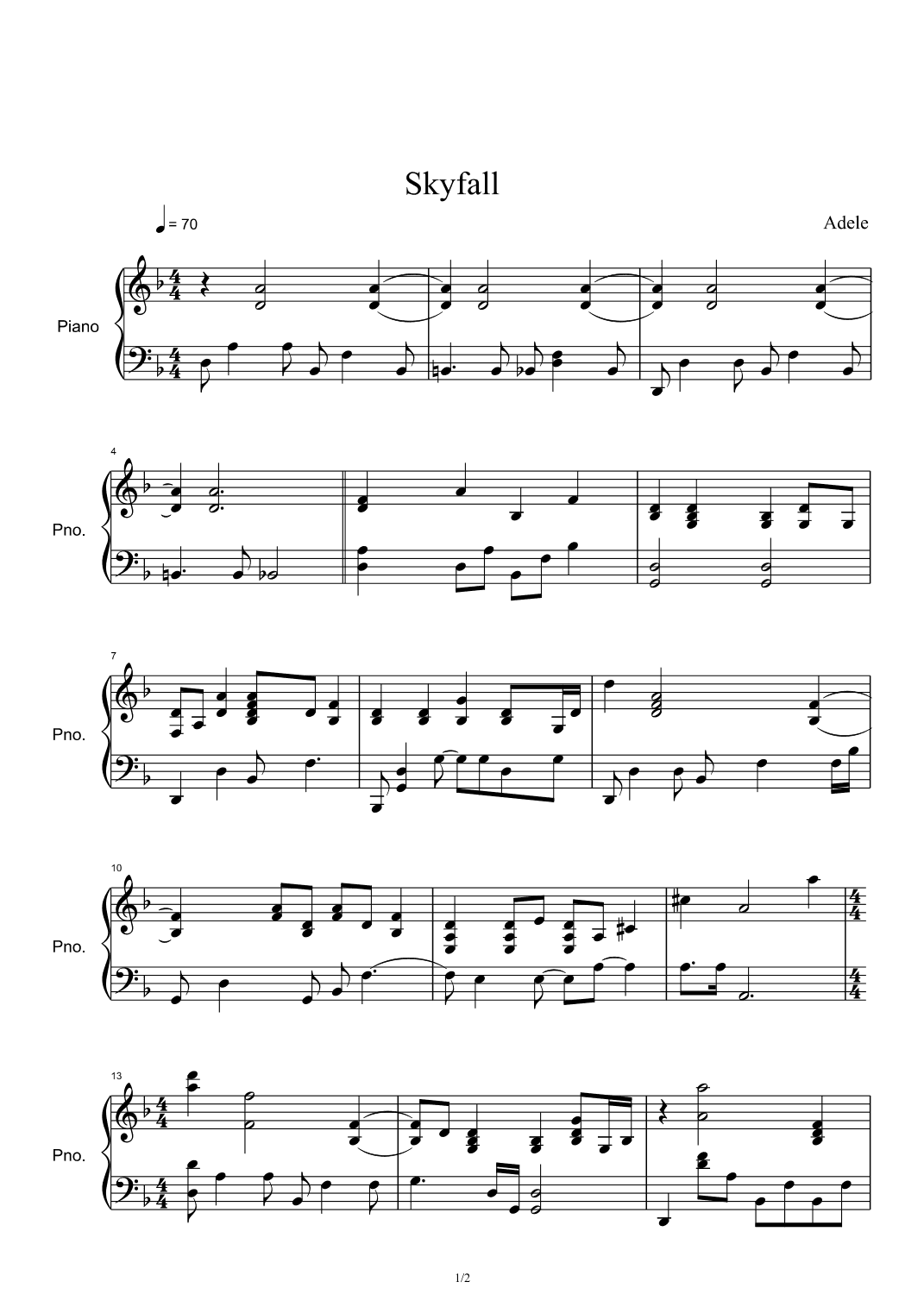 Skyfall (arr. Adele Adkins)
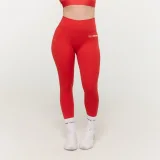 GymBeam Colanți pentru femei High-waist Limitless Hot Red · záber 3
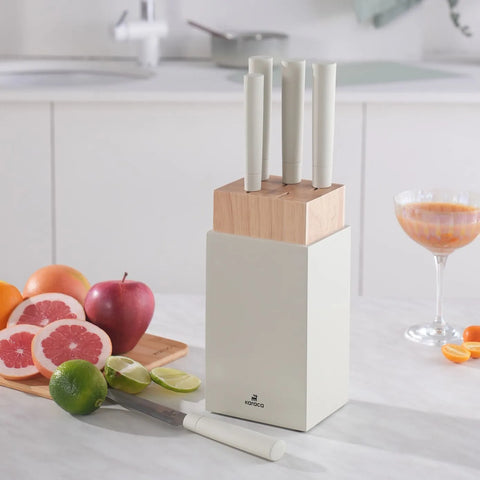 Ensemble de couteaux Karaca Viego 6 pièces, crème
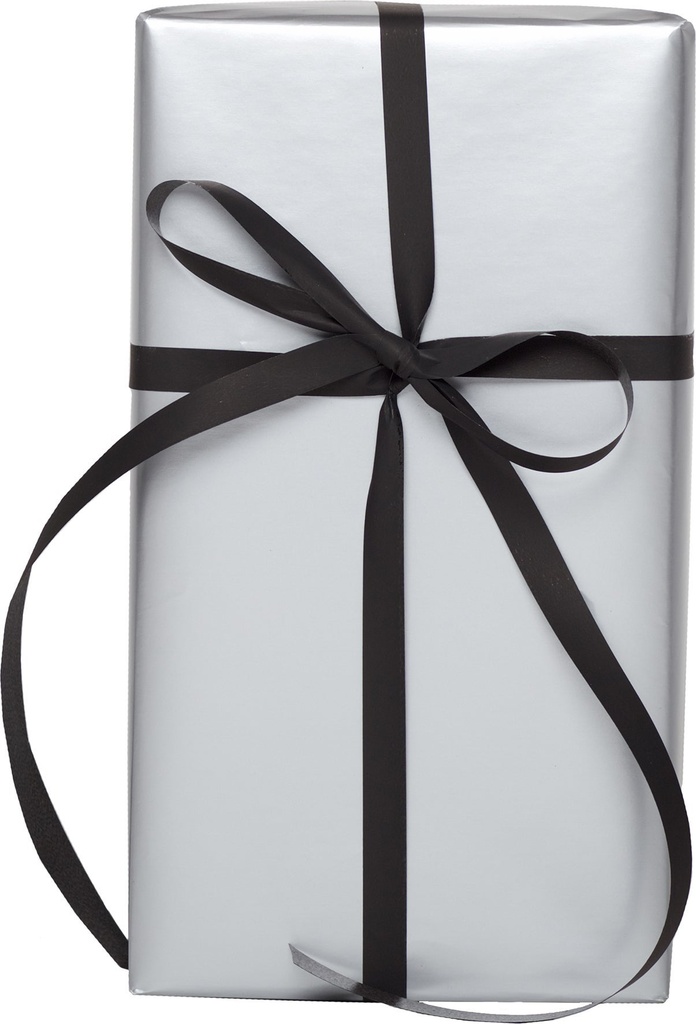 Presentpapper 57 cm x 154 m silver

---+---

** WORK ITEM **
Please print the material exactly as given above, omitting the pictures.

** RESPONSE AREA **
 Skyfall (arr. Adele Adkins)
 GymBeam Colanți pentru femei High-waist Limitless Hot Red · záber 3
 Ensemble de couteaux Karaca Viego 6 pièces, crème
 Presentpapper 57 cm x 154 m silver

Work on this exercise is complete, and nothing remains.